Saul Davidson talked about visiting Garfield Park library because he likes books. He spoke to the lack of appreciation of individuality — he believes there’s too much of a hive mind or mob mentality. He called for greater individuality and the space for young people to figure out who they are. He mentioned the Center for Leadership Development’s Self Discovery program as a great program to facilitate this kind of learning.

Michael Owens a music artist talked about gun violence and leadership. He called for the community to speak up when people are murdered in the city. He said it was a leadership problem — the community needs to speak up.

Norman Malone another music artist said we don’t have enough real leaders who can connect to youth. He felt like he had to go to the protest because he had a cousin who was killed by police that the community didn’t really talk about.

About attending the protests, he offered a message of empathy when he said, “You can’t say stop rioting if you’re not down there.” He wanted people to try to see situations from the other person’s perspective, to connect and even lead people a different direction.

Alyssa, our reigning Indy Youth Poet Laureate, when asked about the biggest challenge facing the community, said that Black and brown communities don’t have enough pathways to becoming agents of change.

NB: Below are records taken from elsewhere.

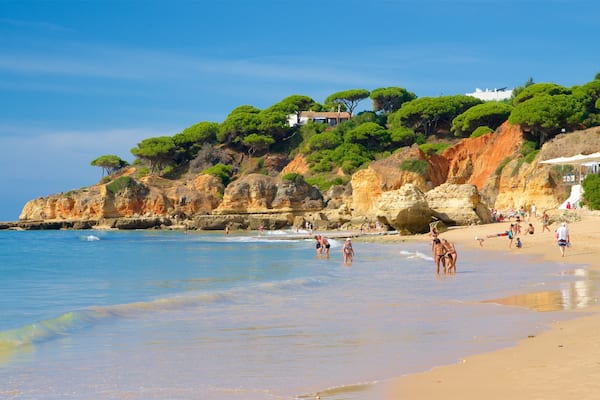 Plage d\'Olhos de Água montrant vues littorales, plage et côte rocheuse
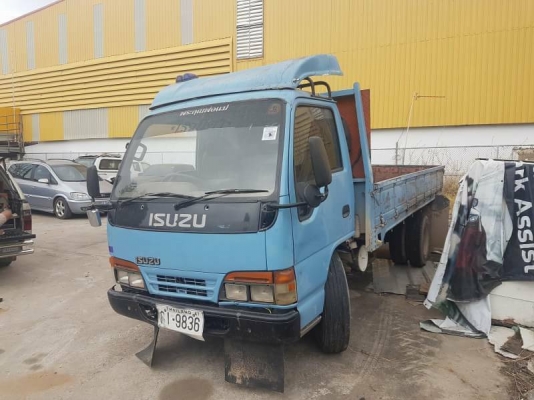 ISUZU NKR 120 4HF 1 ปี40 รถห้างแท้ เครื่องพัง คัสซีสวย หัวเก๋งดี กะบะดี เอกสารพร้อมโอน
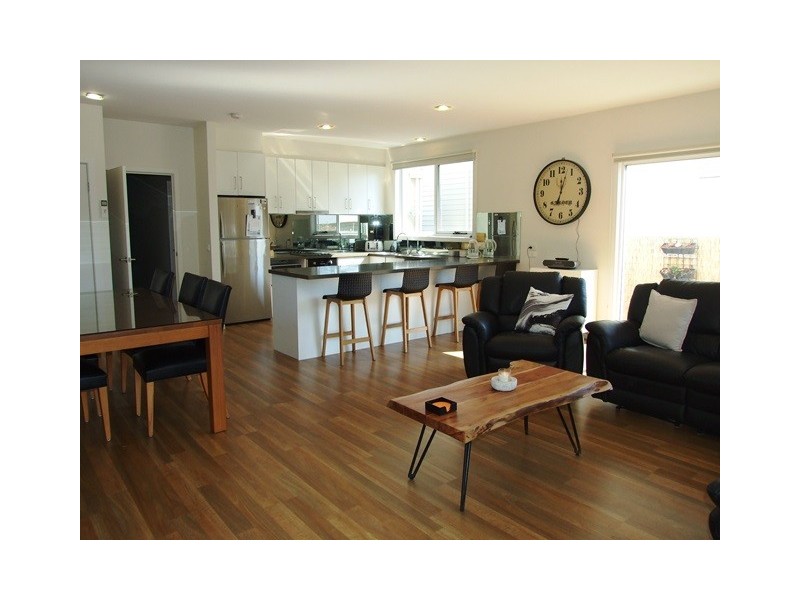 2 Coramba Court, Cowes VIC 3922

She was also aware of Black people being killed by police and other Black people who have died but their cases have not been solved. For her, “It feels like the people in power don’t care anymore.” She wants more platforms so that young people can speak about their concerns.

Felecia McGinnis said that youth are categorized as rebels and that adults need to take the time to learn about young people as individuals. She recommended classes for youth and adults to come together to understand each other. She said, “Our community has to want to come together and understand each other better.”

This discussion happened in front of elected officials, nonprofit and community leaders and the young people advocated for themselves. City-county council President Vop Osili and councilor Ali Brown are committed to working with young people to develop some kind of youth council and look into getting them on city boards. MCCOY wants to increase their advocacy training for young people. All of the youth serving organizations recognized an opportunity to do more.

Thanks to MCCOY, Lawrence Township schools, IPS, Pike Preparatory Academy, Indianapolis Urban League, VOICES Corp, IBE and the Indianapolis Recorder, who were key partners on this city-county council effort.